To make matters better, the observations have a fairly natural measure on them $M$ (e.g. you're dealing with a probability distribution over the reals or euclidean space or something), and $\frac{dF}{dM}$ is "continuous enough" and doesn't have any "flat section." And the set that $T$ comes from has some natural measure on it too, and that nudging $T$ a bit doesn't change $F$ too much.
Also you have the ability to, given a value of $T$, sample from $F$ fairly easily. And that you have the ability to accurately calculate (or, later on in the post, calculate an estimator for) $\frac{dF}{dM}(x \vert T)$.
deep breath
If all those conditions are satisfied, then it's possible to calculate pointwise estimates of confidence intervals. What I mean by that, is that there exists a Monte-Carlo style algorithm that will, given an input value of $T$, will produce a estimated "yes, this $T$ is in the 50% (or whatever) CI" or "no, this $T$ is NOT in the 50% (or whatever) CI." Then many subsequent iterations of the algorithm can be merged to get a more accurate estimate.
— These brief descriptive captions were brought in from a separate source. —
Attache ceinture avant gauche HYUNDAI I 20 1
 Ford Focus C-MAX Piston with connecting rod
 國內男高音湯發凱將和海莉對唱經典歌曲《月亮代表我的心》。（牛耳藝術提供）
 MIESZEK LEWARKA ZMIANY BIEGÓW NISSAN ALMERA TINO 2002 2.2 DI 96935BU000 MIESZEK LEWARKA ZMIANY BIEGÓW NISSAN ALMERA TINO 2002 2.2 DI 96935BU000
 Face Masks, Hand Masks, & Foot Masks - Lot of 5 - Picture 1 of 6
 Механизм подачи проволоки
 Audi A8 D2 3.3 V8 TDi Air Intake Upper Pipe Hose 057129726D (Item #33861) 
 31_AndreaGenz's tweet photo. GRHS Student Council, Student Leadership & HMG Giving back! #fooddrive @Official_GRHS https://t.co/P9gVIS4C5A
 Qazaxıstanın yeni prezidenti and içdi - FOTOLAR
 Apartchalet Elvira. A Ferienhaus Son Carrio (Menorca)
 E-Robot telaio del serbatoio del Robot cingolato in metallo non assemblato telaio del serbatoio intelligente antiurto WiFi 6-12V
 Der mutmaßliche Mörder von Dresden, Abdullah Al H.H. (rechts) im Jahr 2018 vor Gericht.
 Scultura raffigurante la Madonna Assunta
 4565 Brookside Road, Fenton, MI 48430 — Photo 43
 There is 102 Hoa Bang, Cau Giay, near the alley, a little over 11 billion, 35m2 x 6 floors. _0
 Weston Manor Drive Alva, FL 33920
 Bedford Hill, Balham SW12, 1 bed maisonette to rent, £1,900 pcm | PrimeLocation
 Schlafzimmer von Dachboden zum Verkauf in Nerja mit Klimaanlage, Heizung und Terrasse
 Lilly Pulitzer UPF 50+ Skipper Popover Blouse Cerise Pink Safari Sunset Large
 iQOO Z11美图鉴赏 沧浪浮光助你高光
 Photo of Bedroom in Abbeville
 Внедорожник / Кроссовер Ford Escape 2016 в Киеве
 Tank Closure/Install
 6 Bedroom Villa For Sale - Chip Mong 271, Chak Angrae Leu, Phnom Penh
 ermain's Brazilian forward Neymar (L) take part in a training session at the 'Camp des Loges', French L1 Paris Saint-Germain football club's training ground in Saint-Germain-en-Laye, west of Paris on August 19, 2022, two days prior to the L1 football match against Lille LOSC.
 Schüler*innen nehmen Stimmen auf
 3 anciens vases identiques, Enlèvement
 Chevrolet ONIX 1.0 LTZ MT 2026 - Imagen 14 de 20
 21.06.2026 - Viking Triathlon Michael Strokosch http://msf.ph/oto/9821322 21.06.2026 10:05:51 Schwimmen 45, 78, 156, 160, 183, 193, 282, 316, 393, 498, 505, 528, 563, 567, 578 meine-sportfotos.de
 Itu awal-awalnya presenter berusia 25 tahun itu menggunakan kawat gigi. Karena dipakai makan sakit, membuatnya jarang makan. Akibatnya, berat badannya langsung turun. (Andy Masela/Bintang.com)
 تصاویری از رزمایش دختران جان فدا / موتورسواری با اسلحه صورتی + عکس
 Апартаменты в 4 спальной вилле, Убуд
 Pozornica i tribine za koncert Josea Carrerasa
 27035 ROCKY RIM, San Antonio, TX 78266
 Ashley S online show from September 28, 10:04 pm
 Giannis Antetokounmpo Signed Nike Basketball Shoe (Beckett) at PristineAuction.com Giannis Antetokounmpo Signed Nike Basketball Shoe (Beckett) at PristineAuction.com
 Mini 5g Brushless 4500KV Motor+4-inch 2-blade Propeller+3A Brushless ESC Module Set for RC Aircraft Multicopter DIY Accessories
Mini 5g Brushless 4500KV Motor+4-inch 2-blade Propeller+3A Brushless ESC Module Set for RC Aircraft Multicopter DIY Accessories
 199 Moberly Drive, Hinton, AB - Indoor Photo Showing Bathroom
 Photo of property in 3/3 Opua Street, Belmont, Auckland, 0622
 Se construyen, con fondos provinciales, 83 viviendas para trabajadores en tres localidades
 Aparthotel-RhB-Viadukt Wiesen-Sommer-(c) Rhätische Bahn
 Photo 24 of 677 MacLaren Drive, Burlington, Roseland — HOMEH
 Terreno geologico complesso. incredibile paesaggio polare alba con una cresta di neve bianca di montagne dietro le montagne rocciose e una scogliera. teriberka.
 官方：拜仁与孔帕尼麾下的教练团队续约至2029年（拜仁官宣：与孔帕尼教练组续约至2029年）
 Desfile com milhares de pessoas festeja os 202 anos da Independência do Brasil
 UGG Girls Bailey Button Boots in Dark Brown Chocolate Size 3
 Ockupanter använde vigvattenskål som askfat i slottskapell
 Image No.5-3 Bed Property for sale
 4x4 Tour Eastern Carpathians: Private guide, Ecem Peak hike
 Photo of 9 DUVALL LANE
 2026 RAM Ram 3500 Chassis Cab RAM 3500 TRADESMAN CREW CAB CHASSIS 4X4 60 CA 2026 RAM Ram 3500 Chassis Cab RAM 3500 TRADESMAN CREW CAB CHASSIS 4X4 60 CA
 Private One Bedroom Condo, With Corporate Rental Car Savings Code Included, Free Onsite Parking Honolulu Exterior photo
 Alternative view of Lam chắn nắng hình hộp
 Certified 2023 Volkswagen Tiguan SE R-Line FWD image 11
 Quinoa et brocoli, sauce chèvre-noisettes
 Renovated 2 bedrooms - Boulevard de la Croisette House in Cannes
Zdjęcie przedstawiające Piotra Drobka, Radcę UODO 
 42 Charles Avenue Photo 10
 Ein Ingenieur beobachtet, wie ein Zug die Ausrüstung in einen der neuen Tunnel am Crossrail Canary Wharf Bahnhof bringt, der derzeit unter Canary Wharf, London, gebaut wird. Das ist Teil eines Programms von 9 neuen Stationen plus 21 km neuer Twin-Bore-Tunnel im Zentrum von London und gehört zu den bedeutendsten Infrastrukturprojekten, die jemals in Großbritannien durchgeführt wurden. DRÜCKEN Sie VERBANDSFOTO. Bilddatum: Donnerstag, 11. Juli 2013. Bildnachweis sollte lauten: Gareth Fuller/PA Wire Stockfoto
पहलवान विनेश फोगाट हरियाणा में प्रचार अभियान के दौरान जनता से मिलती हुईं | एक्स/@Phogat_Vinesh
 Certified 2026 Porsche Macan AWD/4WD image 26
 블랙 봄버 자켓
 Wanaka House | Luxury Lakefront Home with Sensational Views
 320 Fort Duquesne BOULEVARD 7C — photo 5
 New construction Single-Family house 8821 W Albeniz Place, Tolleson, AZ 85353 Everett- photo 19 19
In this post we're going to be taking inspiration from the Fisher exact method for generating $p$-confidence intervals, where $p$ is your confidence level, like 50% or 75% or whatever. This is my definition:
Fix some value of $T$. Let $S$ be the smallest set of observations, according to $M$, such that $F(S \vert T) \ge p$. If $obs \in S$, then $T$ is in the $p$-confidence set interval.
In this definition, the $p$-confidence interval isn't actually an interval at all. But that's okay, I'm calling it an interval because the words "confidence interval" are too ingrained in my mind to start calling them anything different.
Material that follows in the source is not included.